🤖 AI Summary
This work addresses the limitations of video diffusion models, which suffer from high computational complexity due to attention mechanisms and substantial overhead from multi-step sampling. To overcome these challenges, the authors propose EFlow, a framework that enables few-step video generation training through an efficient decoupled flow objective. The method introduces a gated local-global attention module that supports random token dropping to enhance computational efficiency. Additionally, path-drop guided training and a mean-velocity additivity regularizer are designed to preserve generation quality even at extremely low inference step counts. Experiments demonstrate that EFlow achieves competitive performance on Kinetics and large-scale text-to-video datasets, while offering a 2.5× improvement in training throughput and a 45.3× reduction in inference latency.
📝 Abstract
Scaling video diffusion transformers is fundamentally bottlenecked by two compounding costs: the expensive quadratic complexity of attention per step, and the iterative sampling steps. In this work, we propose EFlow, an efficient few-step training framework, that tackles these bottlenecks simultaneously. To reduce sampling steps, we build on a solution-flow objective that learns a function mapping a noised state at time t to time s. Making this formulation computationally feasible and high-quality at video scale, however, demands two complementary innovations. First, we propose Gated Local-Global Attention, a token-droppable hybrid block which is efficient, expressive, and remains highly stable under aggressive random token-dropping, substantially reducing per-step compute. Second, we develop an efficient few-step training recipe.
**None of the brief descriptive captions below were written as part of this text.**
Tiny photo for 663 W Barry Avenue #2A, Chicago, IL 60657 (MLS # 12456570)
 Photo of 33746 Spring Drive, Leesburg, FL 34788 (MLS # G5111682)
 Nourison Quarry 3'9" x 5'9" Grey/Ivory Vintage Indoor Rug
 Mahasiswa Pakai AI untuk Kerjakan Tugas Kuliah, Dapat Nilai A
We propose Path-Drop Guided training to replace the expensive guidance target with a computationally cheap, weak path. Furthermore, we augment this with a Mean-Velocity Additivity regularizer to ensure high fidelity at extremely low step counts. Together, our EFlow enables a practical from-scratch training pipeline, achieving up to 2.5x higher training throughput over standard solution-flow, and 45.3x lower inference latency than standard iterative models with competitive performance on Kinetics and large-scale text-to-video datasets.